WHAT YOU SHOULD DO: Ignoring every picture, transcribe the data in full as it stands.

[Opening GIVEN MATERIAL section]

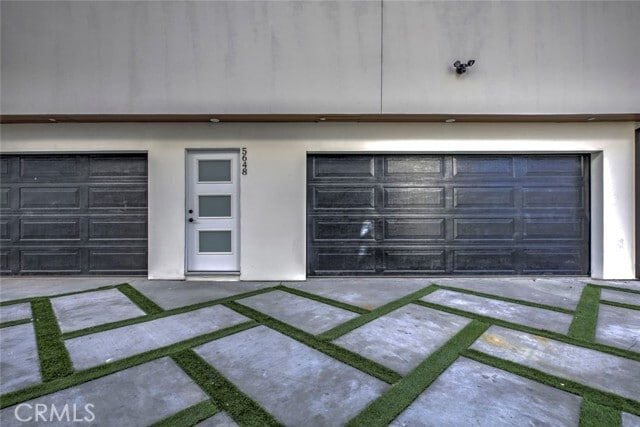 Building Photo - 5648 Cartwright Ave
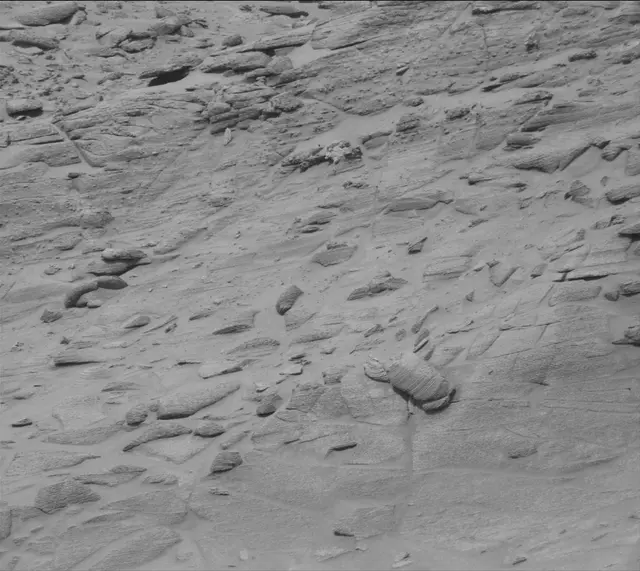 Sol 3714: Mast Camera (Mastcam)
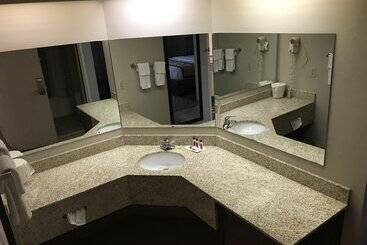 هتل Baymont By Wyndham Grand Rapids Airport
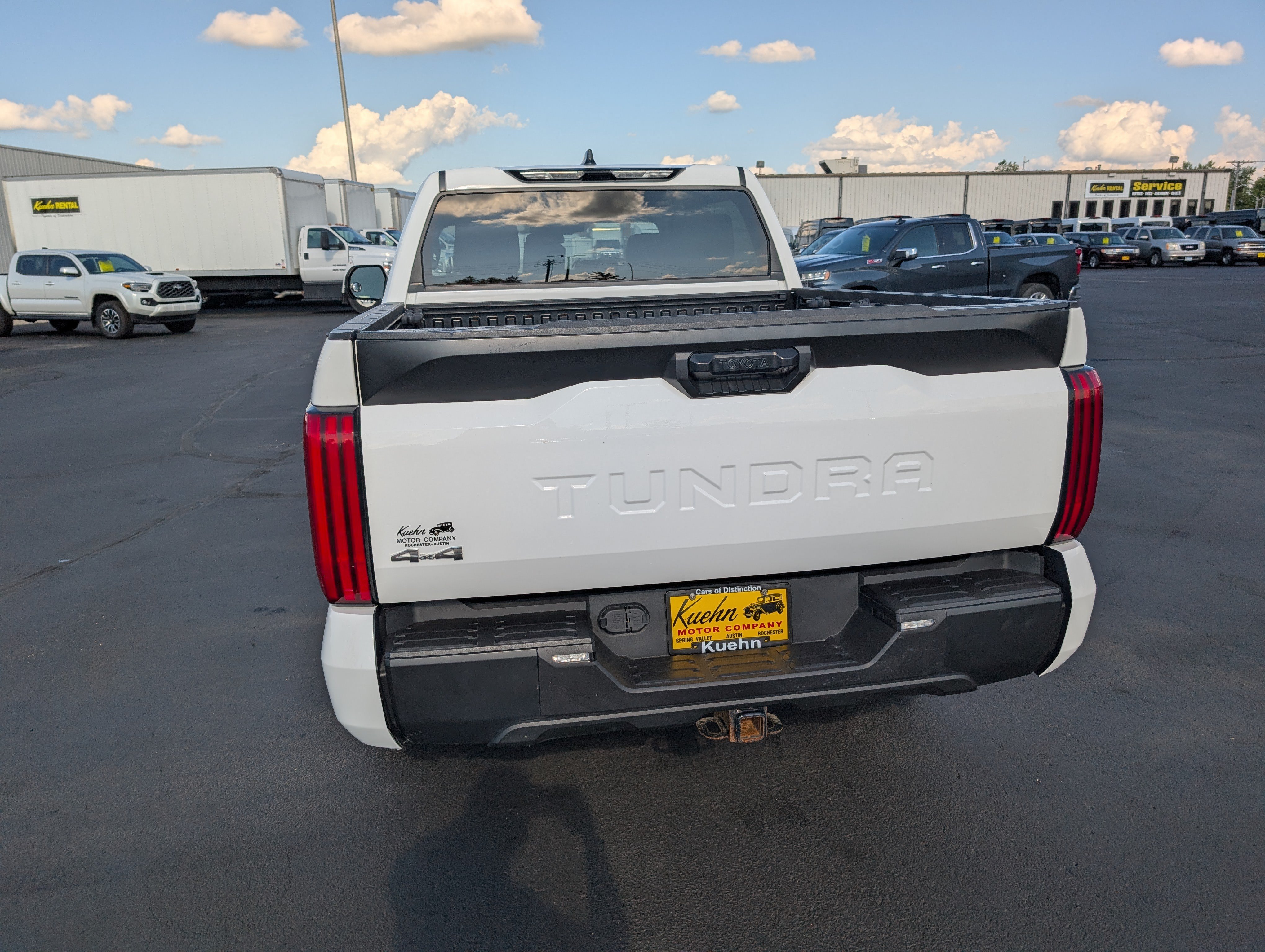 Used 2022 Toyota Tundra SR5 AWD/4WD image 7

[Closing GIVEN MATERIAL section]

WRITTEN ANSWER:
 Building Photo - 5648 Cartwright Ave
 Sol 3714: Mast Camera (Mastcam)
 هتل Baymont By Wyndham Grand Rapids Airport
 Used 2022 Toyota Tundra SR5 AWD/4WD image 7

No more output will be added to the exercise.